In 2004, Susilo Bambang Yudhoyono was elected as President of Indonesia. It was clear that Yudhoyono was keen to select a progressive cabinet of ministers with professional qualifications. Indeed, just a few weeks before he became President, Yudhoyono completed his own doctoral degree in economics from the Agricultural University in Bogor near Jakarta. One of the professional women he appointed to the cabinet was economist Sri Mulyani Indrawati who later, in 2010, became Managing Director of the World Bank. And another professional woman he appointed was Mari Pangestu who became Minister for Trade.

The job of Minister for Trade in Indonesia is a difficult one. The portfolio has wide responsibilities which include regulation of key domestic markets as well as managing international trade issues. Mari Pangestu was widely regarded as a highly effective minister who handled the portfolio with skill.

In recognition of her role in government in Indonesia, in 2013 she was awarded an honorary degree by the Australian National University.

Against this background, as a new Managing Director Pangestu brings three key insights to the World Bank. First, her own experience of the practical challenges of day-to-day policy making on the ground will hopefully keep some of the loftier World Bank pronouncements about international issues grounded in reality. As minster with responsibilities for tourism she famously pointed to the need for better toilets for tourists in Indonesia. An emphasis on this practical approach will be welcome in the Word Bank’s programs in developing countries.

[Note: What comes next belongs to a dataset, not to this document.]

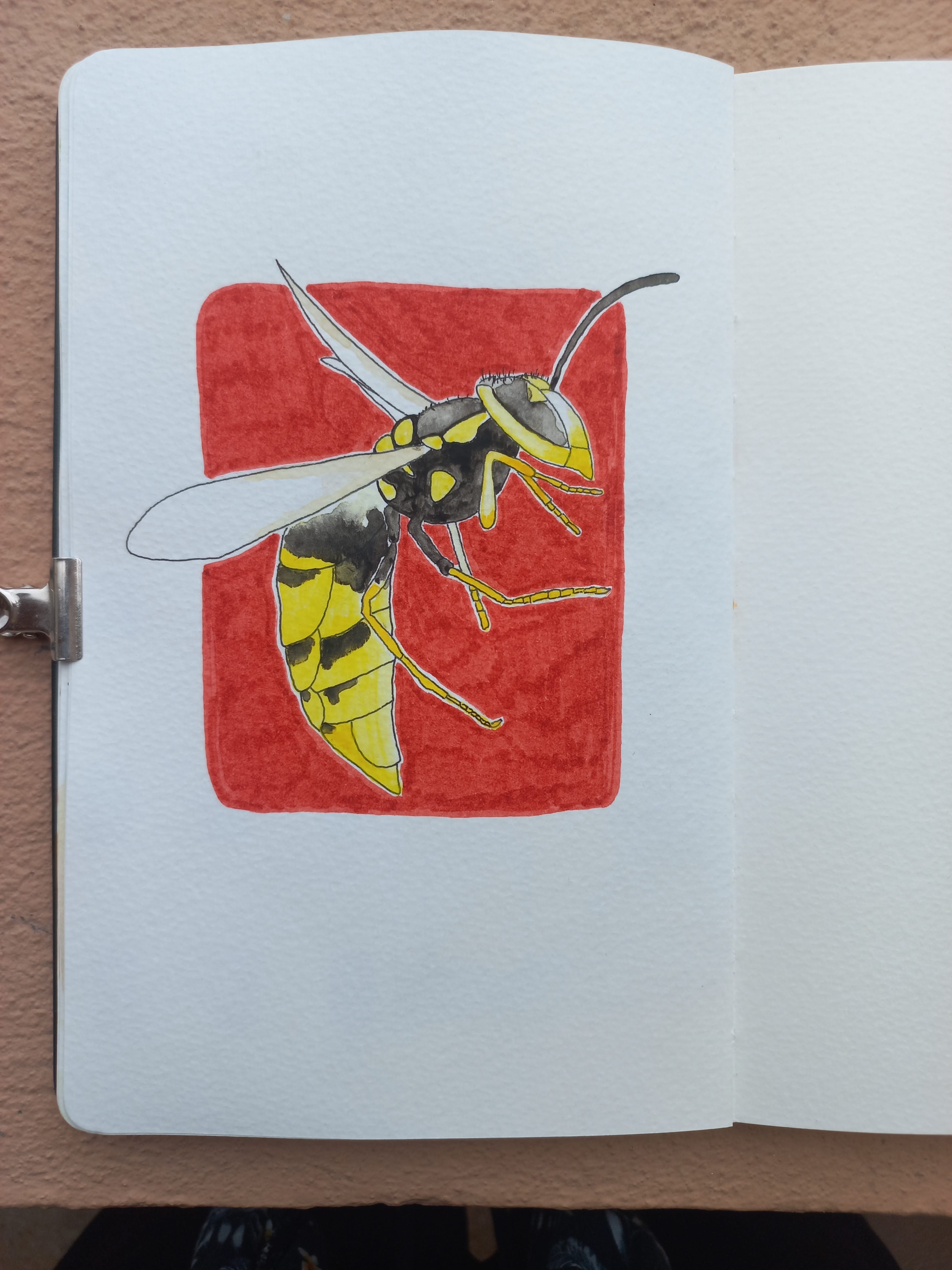 wasp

Second, Pangestu will bring to the Bank a vital understanding of the importance of openness – of the need for developing countries to remain as open as possible to the global economy.

It is true that openness is a two-edged sword. Openness and globalisation bring challenges as well as benefits. It is no secret that Pangestu had to deal with both edges of the sword in her seven years as Trade Minister in Indonesia. But Indonesia has benefited greatly from being a relatively open economy in recent decades. Pangestu will hopefully be able to share Indonesia’s experience across the Bank.

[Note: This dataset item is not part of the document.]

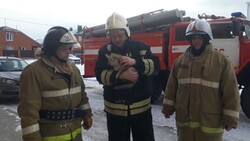Белгородские спасатели помогли провалившейся в цокольное помещение кошке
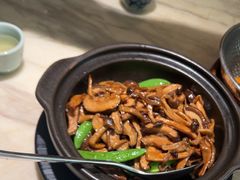 -陶陶居酒家(SM二期购物广场店)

A third insight that Pangestu will bring to the Bank is a knowledge of the impact of the remarkable long-term development program that the international community has supported in Indonesia. Pangestu recently prepared a study of the economic history of Indonesia during this period in a collection of articles about the work of Ali Wardhana, Indonesia’s longest serving finance minister.

In the 50-year period from the late 1960s to 2016, the international community provided around $340 billion in support to Indonesia. The World Bank itself played a key role in this program, supporting financial flows and – more importantly – helping coordinate the international effort for five decades.

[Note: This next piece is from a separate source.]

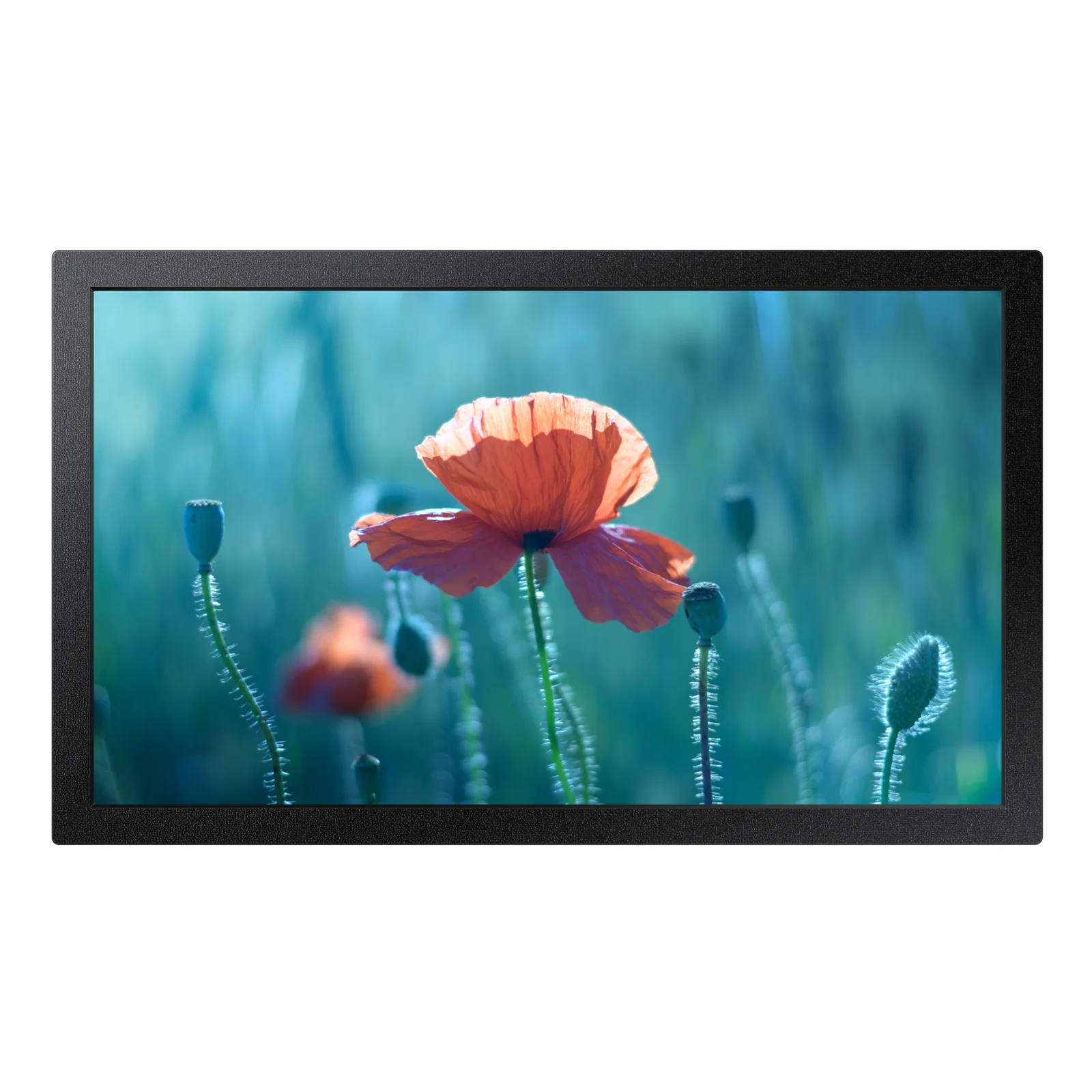 QB13C 33 cm (13") LCD Wifi 500 cd/m² Full HD Noir 16/7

The international effort began in May 1968 when the former US Secretary of Defence, Robert McNamara, visited Indonesia. McNamara had just taken up the post of president of the World Bank. His very first international tour as Bank President was to Indonesia. There are extensive details of his visit in the World Bank archives. Mari Pangestu will be able to draw on this history of one the World Bank’s most successful programs as she takes up her position as one of the Managing Directors of the Bank.